The healer missed Vortigern’s attack orders. The moment the second salvo was fired, the old king ordered the body of the army to cross the killing fields before the next hail of death could be rained down on his warriors. At full stretch, men ran as if Death itself was trying to outpace them and scythe them down. The platforms stood below the arc of fire of the catapults, their movement slowed as they waited for the bulk of the army to catch up with them.
Vortigern again called a halt so the rearguard didn’t move. Burned earth, with small piles of dead and wounded, was all that was left to show the path of the catapult missiles. The salvo was repeated, but the range was too long now and the rocks fell on those Celts who were already dead and dying. The screams sounded as insubstantial as the cries of the birds in the thicket, but Myrddion was no longer on the hillock to hear them. Then, on a signal from Vortigern, the rearguard charged and the platforms began to move once more.
Vortimer realised that the deadly effectiveness of his war machines was over, and they were now so much useless timber. The angle of the catapult could be changed to shorten the range, but with each readjustment Vortigern’s army drew closer to the river under the protection of the platforms. They were damaged – but were mostly intact.
What to do? What to do?
Vortimer didn’t dare to utter his fears aloud, but the calm brain that had visualised the piles of his father’s dead, stacked like cordwood where the catapults left them, was now confused and indecisive. If Vortigern’s warriors were allowed to cross the river, could he crush them without his machines, or would his father prevail?
What to do? What to do?
When in doubt, do nothing. How the Romans would have laughed at Vortimer’s inability to act. And how Vortigern
did
laugh!
As his son hunkered down on the riverbank, his war machines spent, Vortigern’s army reached the opposite bank. Shouted insults from Vortigern’s warriors made Vortimer quail in a shell of inadequacy that increased his indecision. He had always hated and feared his father, as is so often the case with weak men.

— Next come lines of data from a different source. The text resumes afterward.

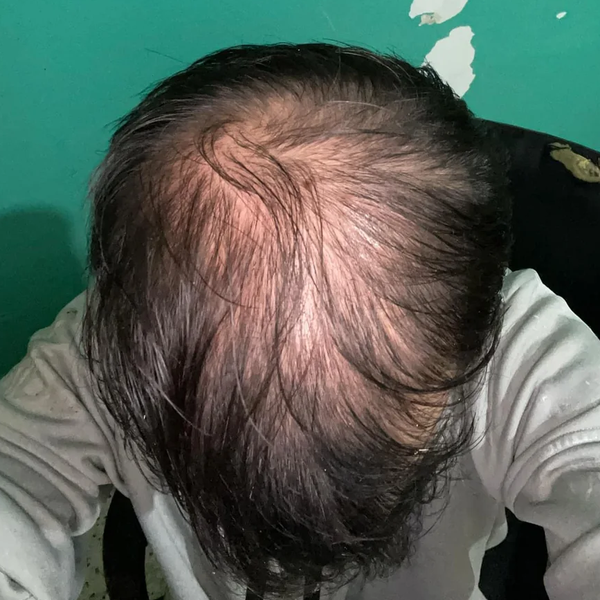 Before treatment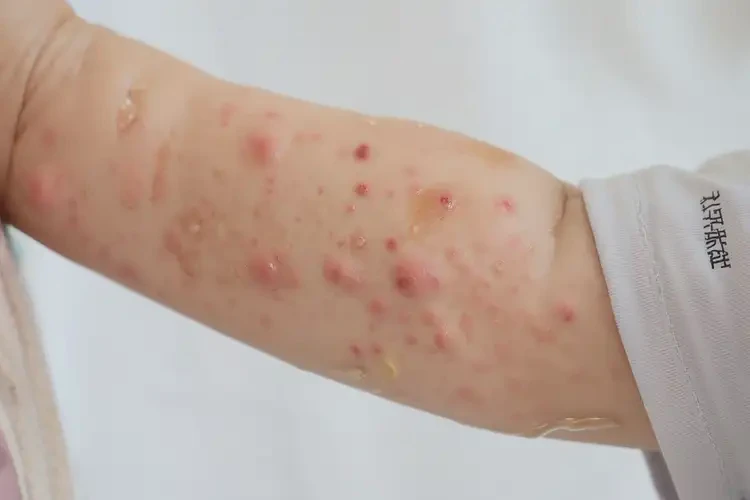 幼兒手臂偶爾長(zhǎng)濕疹能靠自己自愈嗎(圖3)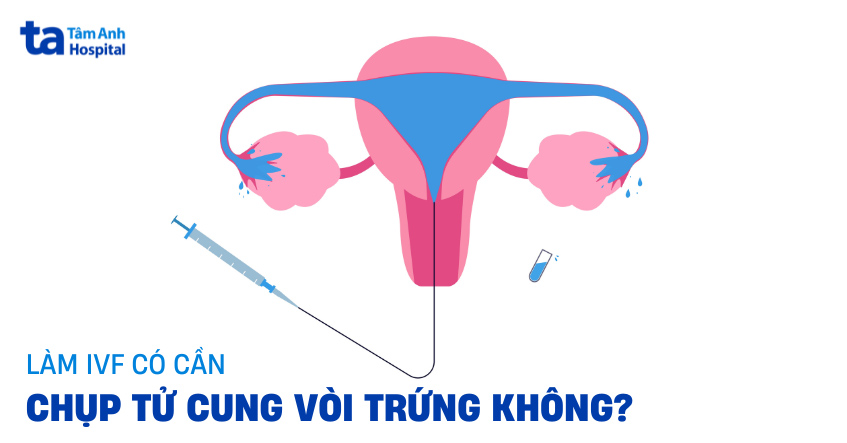 Làm IVF có cần chụp tử cung vòi trứng không? Chụp trước bao lâu?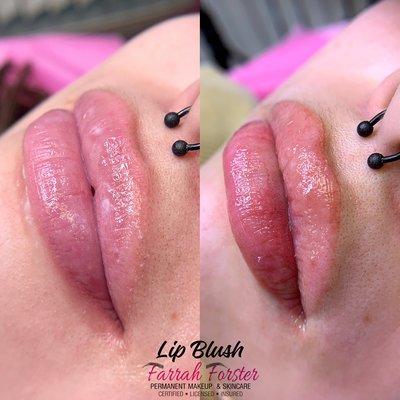 Lip Blush was done to enhance her shape and add a touch of color.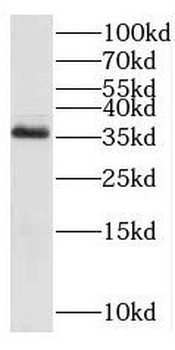 C3orf38 Rabbit Polyclonal Antibody
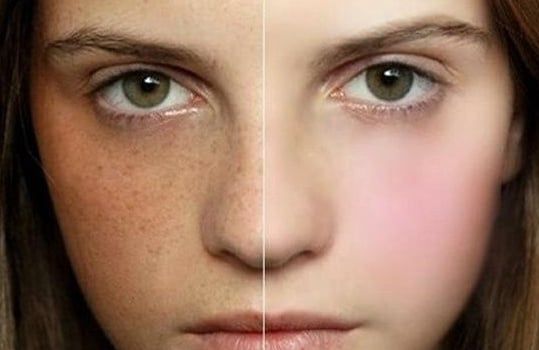 TRỊ NÁM TRIỆT ĐỂ BẰNG CHẾ ĐỘ DINH DƯỠNG HỢP LÝ?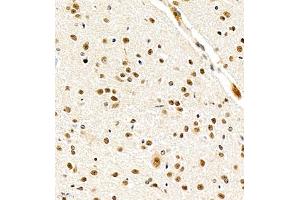 Immunohistochemistry of paraffin embedded mouse cerebellum using USP27 (ABIN7076113) at dilution of 1:700 (400x lens) (USP27X 抗体)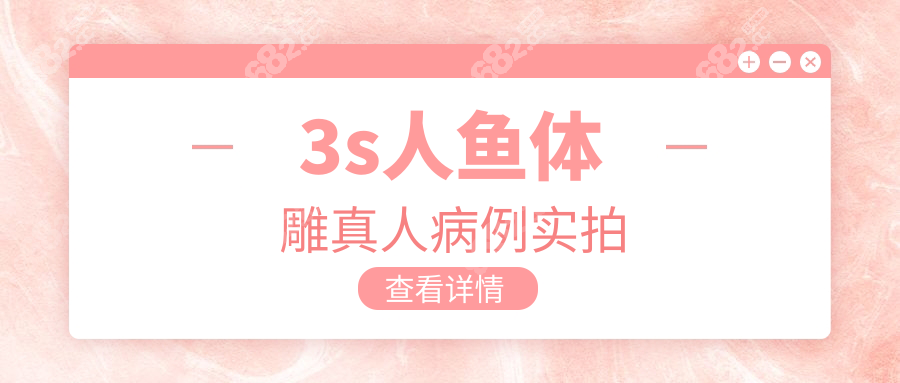 3s人鱼体雕真人病例实拍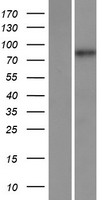 Western blot validation of overexpression lysate (Cat# LY417276) using anti-DDK antibody (Cat# TA50011-100). Left: Cell lysates from un-transfected HEK293T cells; Right: Cell lysates from HEK293T cells transfected with RC219597 using transfection reagent MegaTran 2.0 (Cat# TT210002).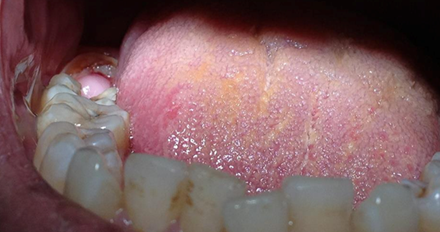 My Dental Diary: pulp polyp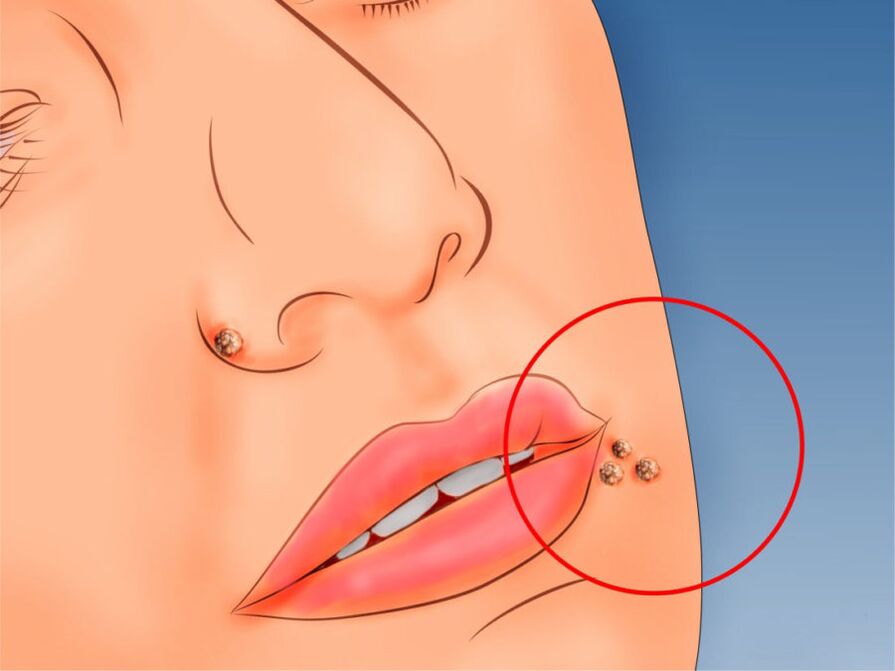 papilloma on face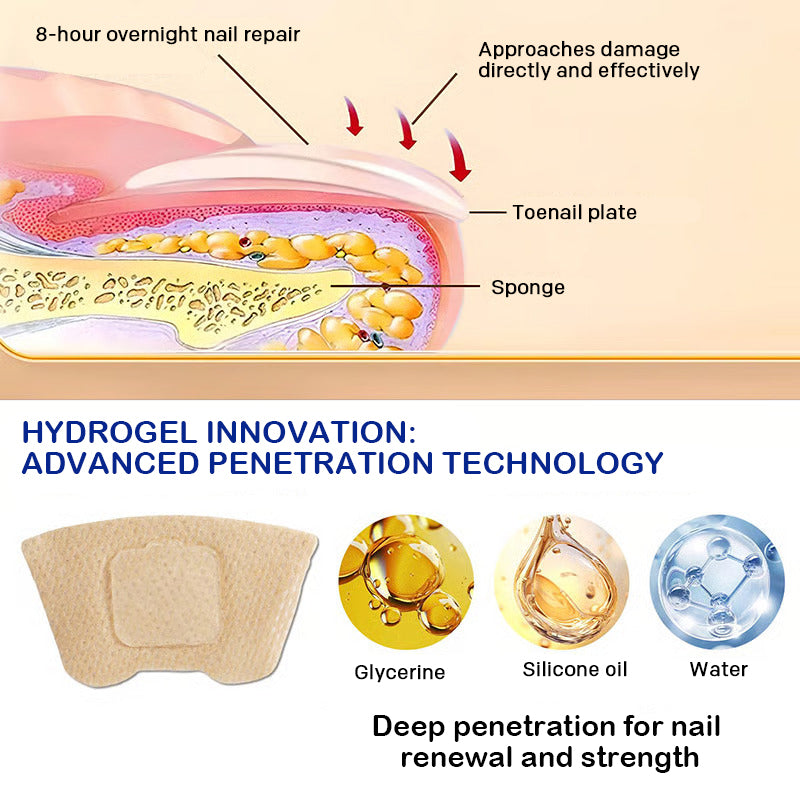 Onychomycosis stickers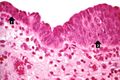 IPLab2Metaplasia4.jpg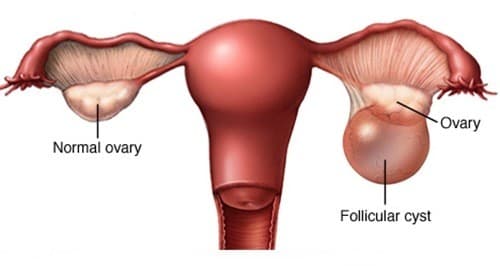 U nang buồng trứng cần được phát hiện và điều trị đúng cách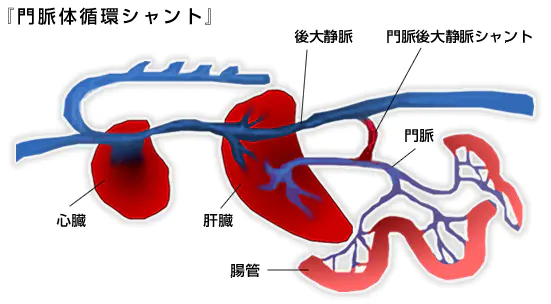 門脈体循環シャント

Meanwhile, Vortigern was hard at work.
The platforms were dragged to the rear and disassembled by the carpenters and a large team of labouring warriors. The ten large panels that remained after the carpenters had sawn off the wheels and heavy frames were dragged downstream along the riverbank to a spot where the old king intended to establish a new crossing point. There, those Celts who could swim took long lengths of strong rope across the river, secured them to trees along the opposite riverbank and then towed each of the platforms into place to form a makeshift bridge.